That white, powdery mineral substance you see leaching from your stone wall is called efflorescence. When moisture evaporates out of stone, it leaves behind the mineral residue that you're seeing. It's unsightly and should be removed, but the residue won't cause any structural problems. If you remove it and it returns, that means you probably have a problem with water seepage within the walls.
Things You'll Need
- Wire brush
- Protective face mask
- Chemical-resistant gloves
- Muriatic acid
- Spray bottles
- Long-handled masonry brush
- Garden hose
- Phosphoric acid (optional)
- Trisodium phosphate (optional)
Scrub the stone wall with a dry wire brush, loosening the mineral deposits.
Put on chemical-resistant gloves and face shield.
Wet the wall with water using a garden hose or spray bottle if indoors. Protect floors and landscaping with water-resistant drop cloths or tarps and address any spills immediately.

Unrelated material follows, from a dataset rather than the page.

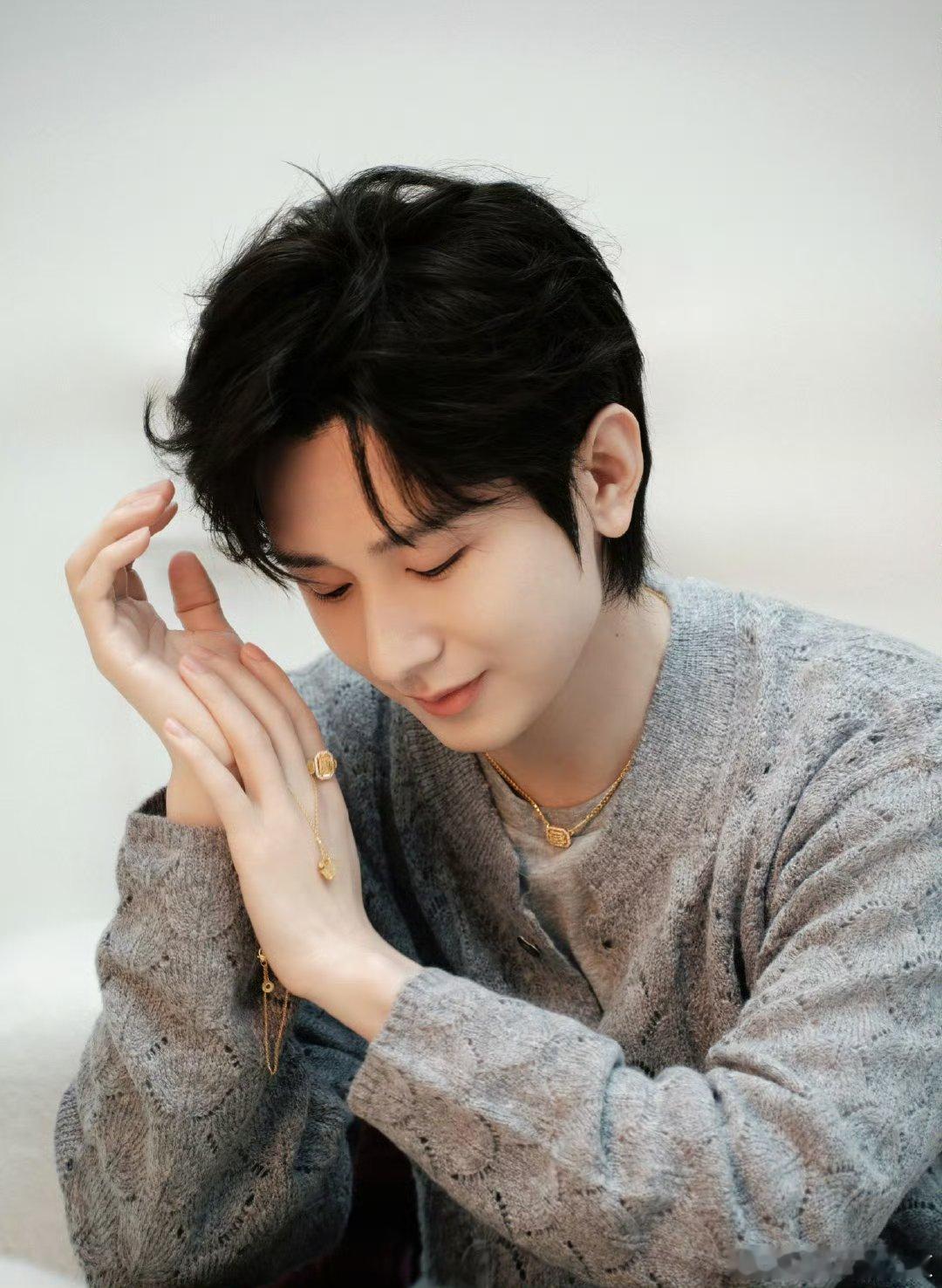 成毅六福珠宝全球代言人cy成毅焕彩新Yi程成毅，若信念有声音，定是你哽咽时我们共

Dilute 1 part muriatic acid with 12 parts water. Slowly add the acid to the water, not vice versa, as a potentially dangerous reaction could occur. Carefully pour the mixture into a spray bottle. Have several spray bottles on hand, as the acid mixture will ruin them after a couple of uses. If you're not comfortable using muriatic acid, you can substitute phosphoric acid or trisodium phosphate (TSP) as the main cleaning agent. Both are sold as commercial cleaning products for stone. Mix with water according to the manufacturer's directions.

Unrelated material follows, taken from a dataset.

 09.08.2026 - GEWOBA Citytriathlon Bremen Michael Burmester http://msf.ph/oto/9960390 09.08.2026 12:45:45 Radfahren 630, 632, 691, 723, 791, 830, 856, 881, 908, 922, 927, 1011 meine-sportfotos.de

Spray the acid mixture onto the wall and allow it to work on the mineral deposits for three to five minutes.
Scrub the mineral deposits with a long-handled masonry brush. Neutralize muriatic acid with a diluted ammonia solution. Rinse thoroughly with clean water and allow the wall to dry.
Observe if all the mineral deposits have been removed. If not, repeat Steps 2 through 6 as often as needed.
Tips & Warnings
- Muriatic acid is extremely corrosive and dangerous. Handle only when wearing chemical-resistant gloves and a face shield.